Straßenszene in Bukavu im Osten des Kongo
Bukavu im Osten des Kongo
Frauen sitzen im Hof des Pfarrzentrums von Kabare (Kongo) auf einer Bank
Frauen in Kabare im Kongo

03.06.2015

Kirche im Kongo drängt auf geregelte Wahlen Für Transparenz

Die katholische Kirche im Kongo wünscht sich von der Regierung einen Konsens über den Wahlverlauf im kommenden Jahr. Die Kirche will eigene Wahlbeobachter ausbilden - wie es in vielen afrikanischen Ländern üblich ist.

Der Generalsekretär der Kongolesischen Bischofskonferenz, Leonard Santedi, hat sich laut französischen Presseberichten nach Gesprächen mit Staatspräsident Joseph Kabila geäußert. Zu Beginn einer Reihe von Konsultationen hatte Kabila die katholischen Bischöfe als erste empfangen.

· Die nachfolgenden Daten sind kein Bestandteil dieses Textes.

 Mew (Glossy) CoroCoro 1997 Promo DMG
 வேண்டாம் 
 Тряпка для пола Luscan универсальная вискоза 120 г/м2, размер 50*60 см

Die Kirchenführer, die in dem ostafrikanischen Land hohes gesellschaftliches Ansehen genießen, hatten Mitte April angekündigt, für die anstehenden Wahlen insgesamt 36.000 Beobachter auszubilden. Mit dem Ausbildungsprogramm für Freiwillige wolle die Kirche dafür sorgen, dass die Wahlen transparent und glaubwürdig und internationalen Standards entsprechen. Neben Abstimmungen auf lokaler und auf Provinzebene sind für November 2016 Präsidentschaftswahlen geplant.

In vielen afrikanischen Ländern ist es üblich, dass Organisationen der Zivilgesellschaft sowie Kirchen eigene Wahlbeobachter ausbilden. Sie arbeiten ehrenamtlich und besuchen möglichst viele Wahllokale. Der Verlauf und vor allem Unregelmäßigkeiten werden per Mobiltelefon an eine zentrale Stelle gemeldet.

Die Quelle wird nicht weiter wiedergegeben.